Egzystencjalnej rozpaczy towarzyszy w „Marii” ironia zawarta w dysproporcji między niszczącą mocą przeznaczenia a naiwnością ludzkich marzeń i działań.
Narrator nie jest wszechwiedzący, żywy, występuje w czasie przeszłym lub teraźniejszym, sam zadaje pytania. Narrator relacjonujący i komentujący stoi w centrum kompozycji „Marii”. Jemu podporządkowane są wszystkie inne komponenty. Filozofia narratora, a w szczególności jej pesymizm i kompleks śmierci są zgodne z duchową sylwetką A. Malczewskiego wobec świata, człowieka i historii.
Pieśń I
Narratora poznajemy w momencie, gdy patrzy na step kryjący w mogiłach pamiątki dawnej historii i gdy spostrzega na owym stepie dzikiego kozaka, beztroskiego i zabobonnego. Wtedy to wyobraźnia jego zaczyna dopełniać ten pęd kozaczy wizją scen wyjętych z historii ukraińskich stepów. Najpierw powstają dwa obrazy wiążące przyczynę i cel pędu kozaka: wyjechał on oto z zamku wojewody, a pędzi do sielankowej siedziby Miecznika; jest zwiastunem miłości i wojny w obronie ojczyzny; obraz trzeci, zmykający tamte dwa, to pożegnanie miłujacyh się kochanków przed wyprawą rycerza na wojnę. Obrazy te ukształtowane zostały zgodnie z sentymentalnym stereotypem i tworzą one wizje dawnych czasów według modelu patriotycznej literatury i publicystyki.

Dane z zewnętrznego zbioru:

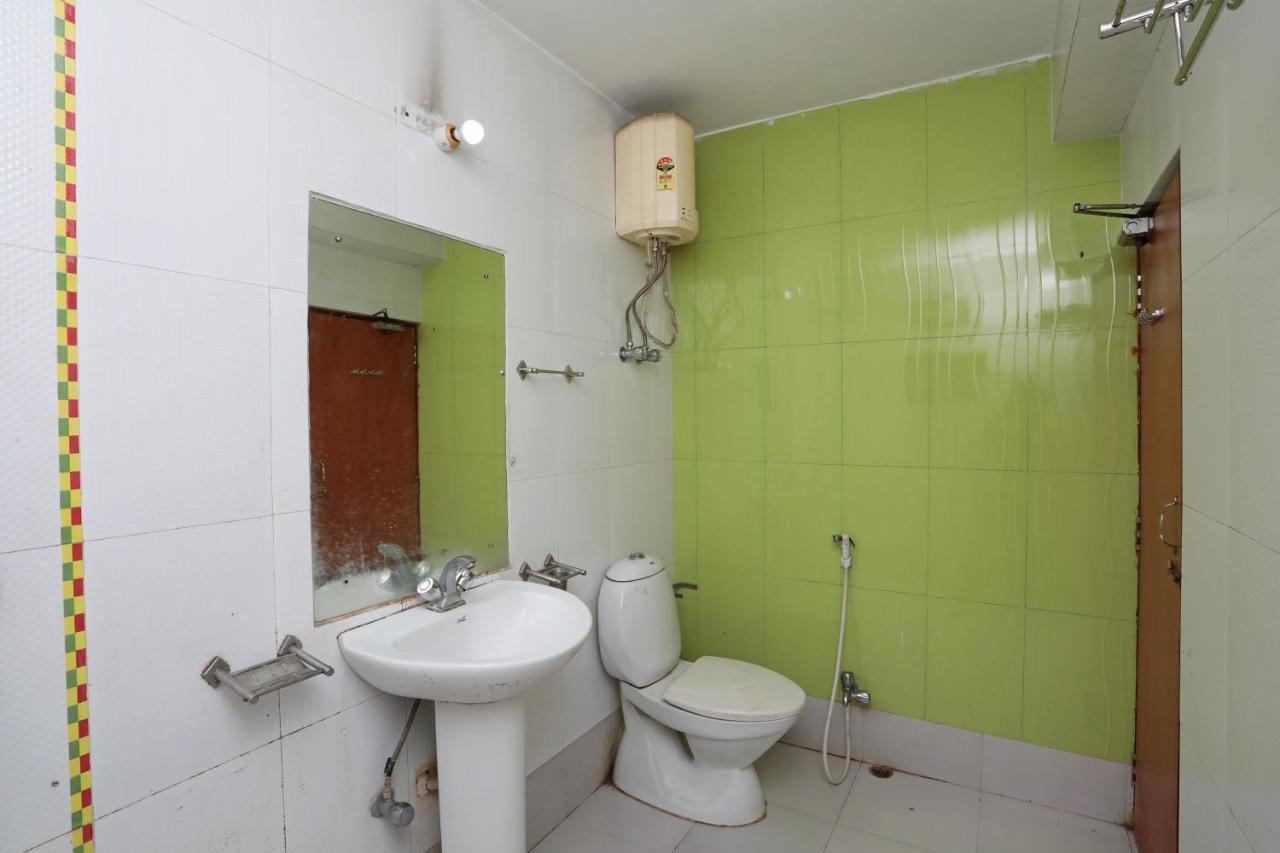 Oyo 26143 Hotel Abedin Kolkata Luaran gambar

Do takiej właśnie historii usiłuje uciec od rozpaczy narrator – autor, pesymista i katastrofista, po swych niefortunnych dawnych ucieczkach, o których na początku pieśni II opowiedziało Pacholę, – ucieczka na stepy, do włoskich krajobrazów, w świat dumek kozaczych. Wszędzie tam odkrył on istnienie tego samego, diaktycznego prawa: znamion brzydoty w pięknie, piętna klęski w szczęściu.

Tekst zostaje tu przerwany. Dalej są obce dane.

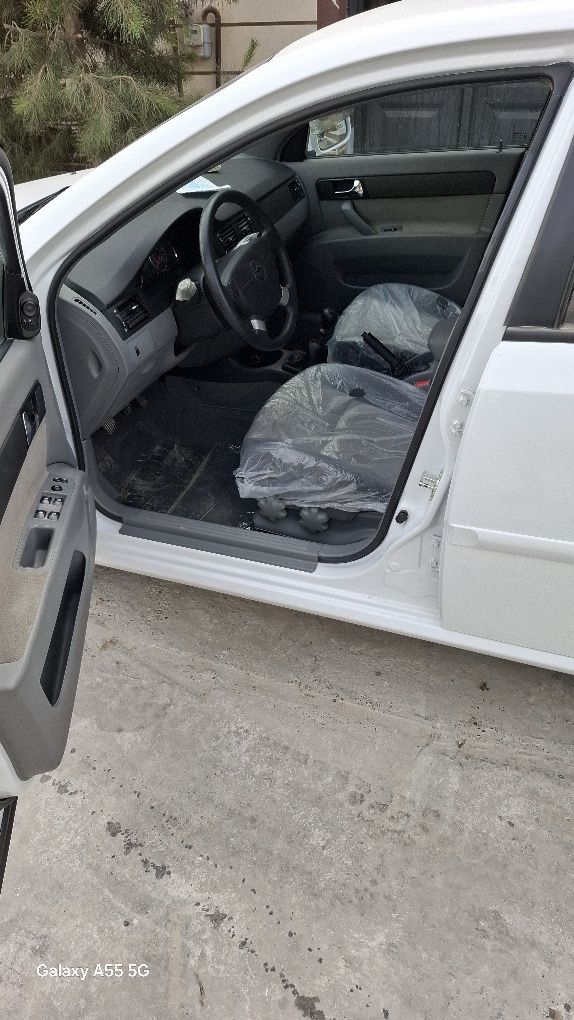 Chevrolet . Jentra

Ostatnia ucieczką jest więc historia. W pieśni II, historia potwierdza jednak okrutną konieczność podporządkowania się prawu śmierci, brzydoty i klęski. W pięknym, sentymentalnym i patriotycznym modelu znalazł się także zarodek jego zniszczenia. W tym samym momencie, wktórym syn spełnia żołnierską, patriotyczną powinność, ojciec zdradziecko morduje mu żonę. To, że oba te wydarzenia rozegrały się jednocześnie, zostało w poemacie specjalnie podkreślone szczególnym układem czasowej inwersji i oznaczeniem pory dnia – zachodu słońca. Podkreślono to po to aby można było także w historii Marii i Wacława, zaczętej sentymentalnie i patriotycznie, zobaczyć „grób w blasku”, „robactwo w świeżym ciele”, „piorun w pogodnym niebie”. Pacholę stało się przekaźnikiem praw panujących w świecie, w którym żyje autor, w świat literackich fikcji i historycznych mitów.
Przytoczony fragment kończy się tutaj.